Task prompt
Return all the data verbatim but without images.

Available data
◇ ◇ ◇ ◇ ◇ ◇ ◇
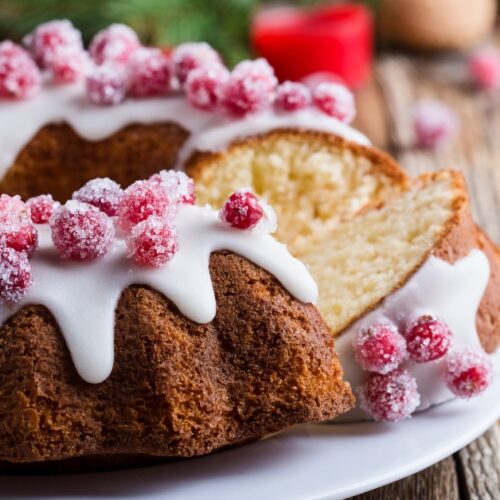20 Showstopping Christmas Bundt Cakes - Insanely Good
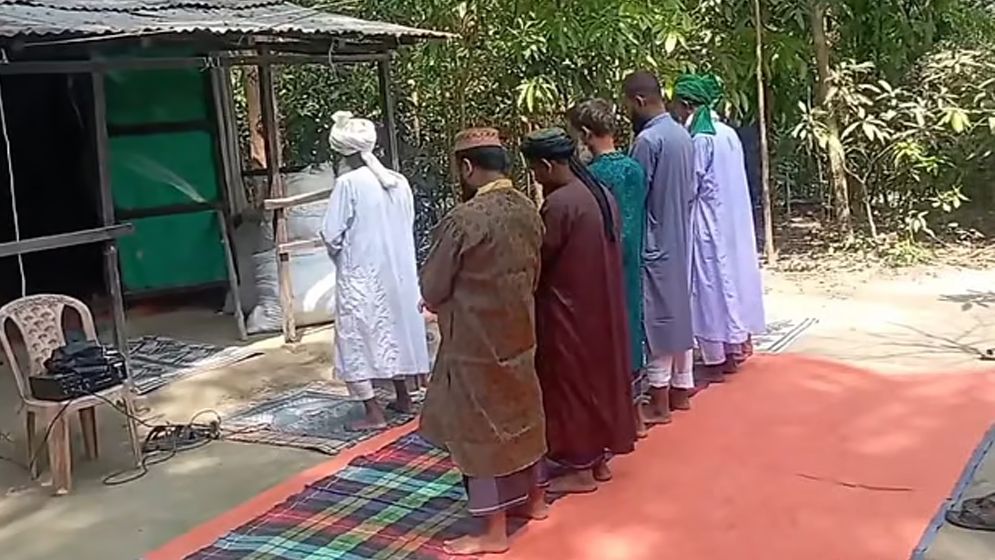 চাঁদপুরে ৭ মুসল্লির ঈদ উদ্‌যাপন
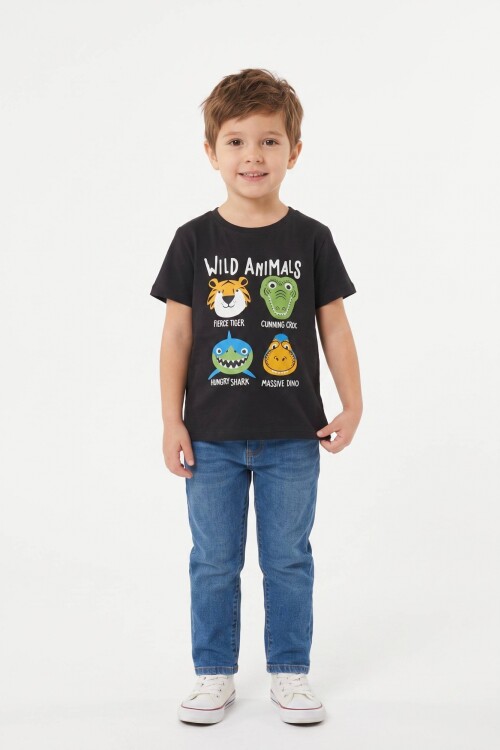 Remera m/c estampada escote a la base NEGRO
◇ ◇ ◇ ◇ ◇ ◇ ◇
Solution
20 Showstopping Christmas Bundt Cakes - Insanely Good
 চাঁদপুরে ৭ মুসল্লির ঈদ উদ্‌যাপন
 Remera m/c estampada escote a la base NEGRO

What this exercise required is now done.